Constitutional – Due Process – County Regulations – Pool Fence – Sovereign Immunity – Excess Insurance

Ballard v. Shelley (Lawyers Weekly No. 011-028-18, 13 pp.) (Richard Dietz, J.) Appealed from Cabarrus County Superior Court (C.W. Bragg, J.) N.C. App.

Holding: Defendants allege that Cabarrus County reconsidered previously approved (and final) permit and code determinations without notifying defendants or permitting them an opportunity to contest the decision through available means. Defendants’ allegations are sufficient to state a claim for a due process violation.

We affirm the trial court’s dismissal of defendants’ tort claim against the county. We dismiss defendants’ appeal of the trial court’s dismissal of their declaratory judgment claim. We reverse the trial court’s dismissal of defendants’ due process claim.

This complicated case arose out of neighbors’ displeasure at defendants’ construction of a fence around their pool.

In a crossclaim against the county, defendants allege that the county approved their fence and found that it complied with applicable building code and permit requirements. Then, after the time to administratively challenge those code and permitting determinations expired, and under pressure from other county residents, the county “fabricated” code or permit violations and used these new violations to challenge the construction of the fence. Defendants further allege that the county pursued these new code or permit violations outside the normal administrative and judicial review process and without providing defendants with notice and an opportunity to be heard.
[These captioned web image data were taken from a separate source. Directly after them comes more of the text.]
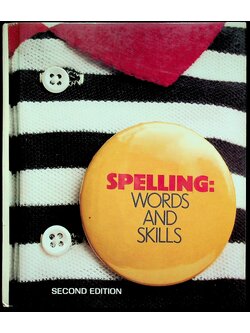 SPELLING : WORDS AND SKILLS
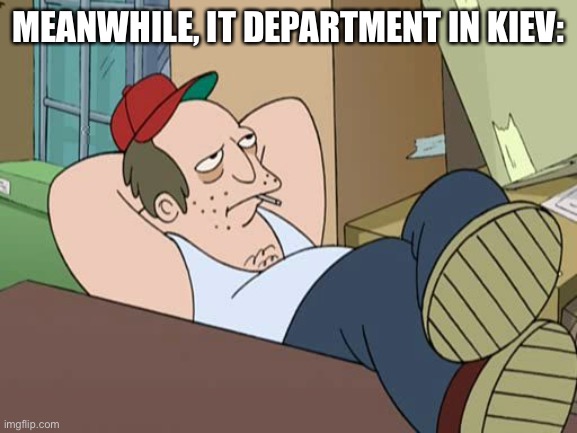 Lazy Worker | MEANWHILE, IT DEPARTMENT IN KIEV: | image tagged in lazy worker | made w/ Imgflip meme maker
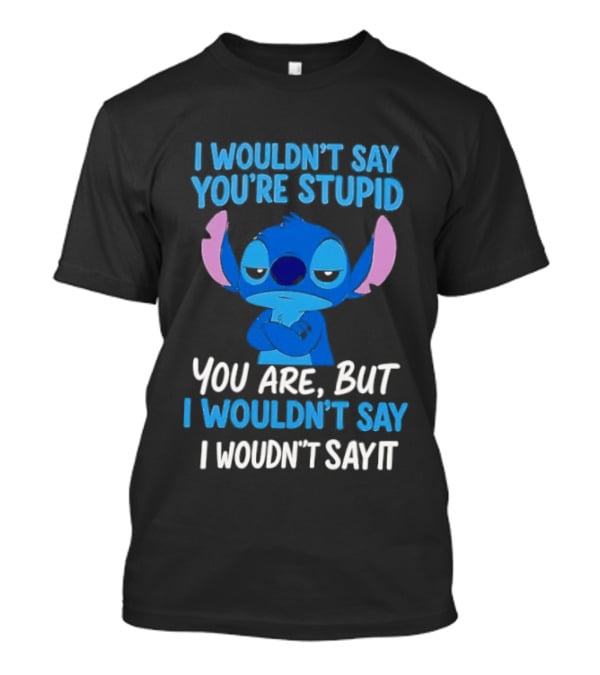 Stitch I Wouldn't Say You're Stupid You Are But I Wouldn't Say It T-Shirt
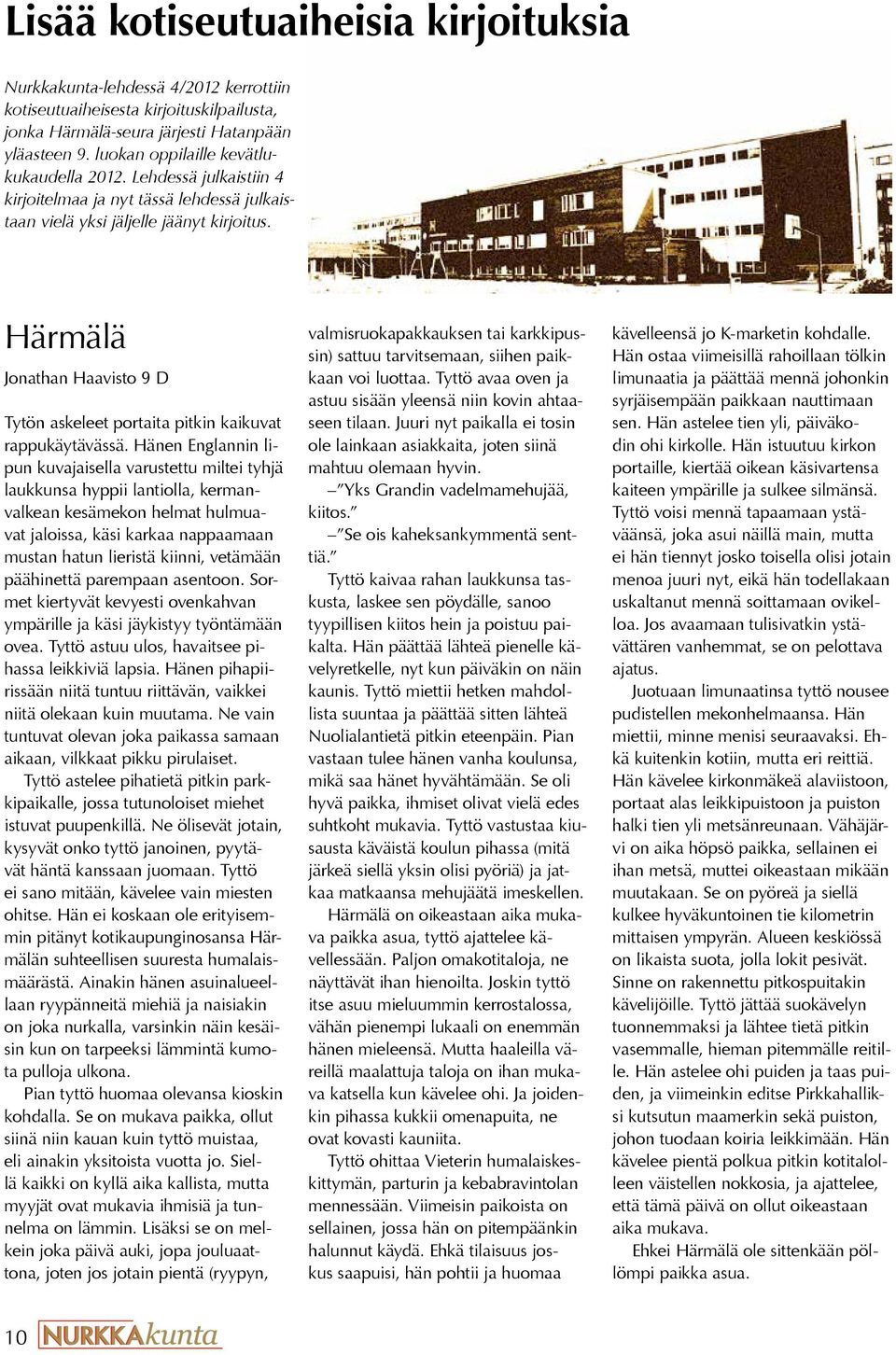 Härmälä Jonathan Haavisto 9 D Tytön askeleet portaita pitkin kaikuvat rappukäytävässä.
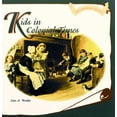 thumbnail image 1 of Pre-Owned Kids in Colonial Times (Hardcover) 0823951189 9780823951185, 1 of 1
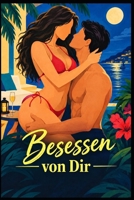 Besessen von Dir (German Sexuelle Begierden, erotische Liebesromane) (German Edition) B0HFGCF4C4 Book Cover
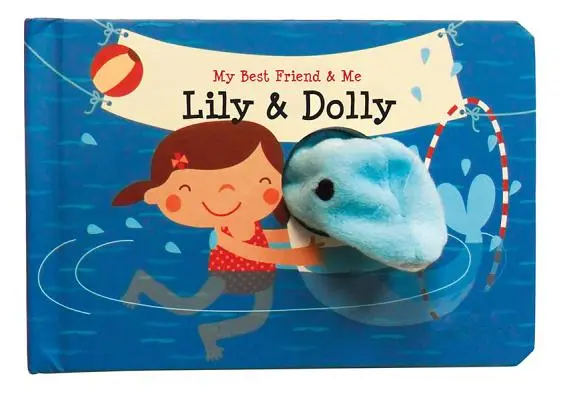 Lily & Dolly ujjbábkönyv: A legjobb barátom és én ujjbábkönyvek - Lily & Dolly Finger Puppet Book: My Best Friend & Me Finger Puppet Books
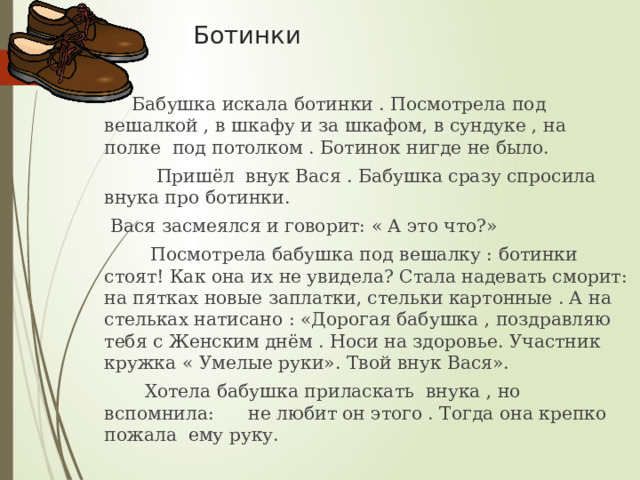  Ботинки  Бабушка искала ботинки . Посмотрела под вешалкой , в шкафу и за шкафом, в сундуке , на полке под потолком . Ботинок нигде не было.  Пришёл внук Вася . Бабушка сразу спросила внука про ботинки.  Вася засмеялся и говорит: « А это что?»  Посмотрела бабушка под вешалку : ботинки стоят! Как она их не увидела? Стала надевать сморит: на пятках новые заплатки, стельки картонные . А на стельках натисано : «Дорогая бабушка , поздравляю тебя с Женским днём . Носи на здоровье. Участник кружка « Умелые руки». Твой внук Вася».  Хотела бабушка приласкать внука , но вспомнила: не любит он этого . Тогда она крепко пожала ему руку. 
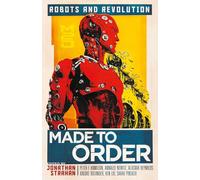 Made to Order : Robots and Revolution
These allegations are sufficient to state a valid constitutional claim for violation of procedural due process rights.

Even though the county has purchased liability insurance, the policy is for excess liability coverage that only kicks in when a judgment is entered against the county or the county agrees to pay a claim with the insurer’s approval. Since defendants have not shown that either of these triggering events has occurred, the terms of the excess insurance policy do not waive the county’s governmental immunity. Therefore, the trial court properly dismissed defendants’ common law tort claims based on the county’s assertion of immunity.

Defendants concede that their declaratory judgment claim is “a reciprocal claim mirroring two other claims” asserted against them, both of which remain to be litigated. The dismissal of this sort of redundant declaratory judgment claim does not implicate substantial rights. Accordingly, we lack jurisdiction to address the trial court’s dismissal of defendants’ declaratory judgment claim.

Affirmed in part, dismissed in part, reversed and remanded in part.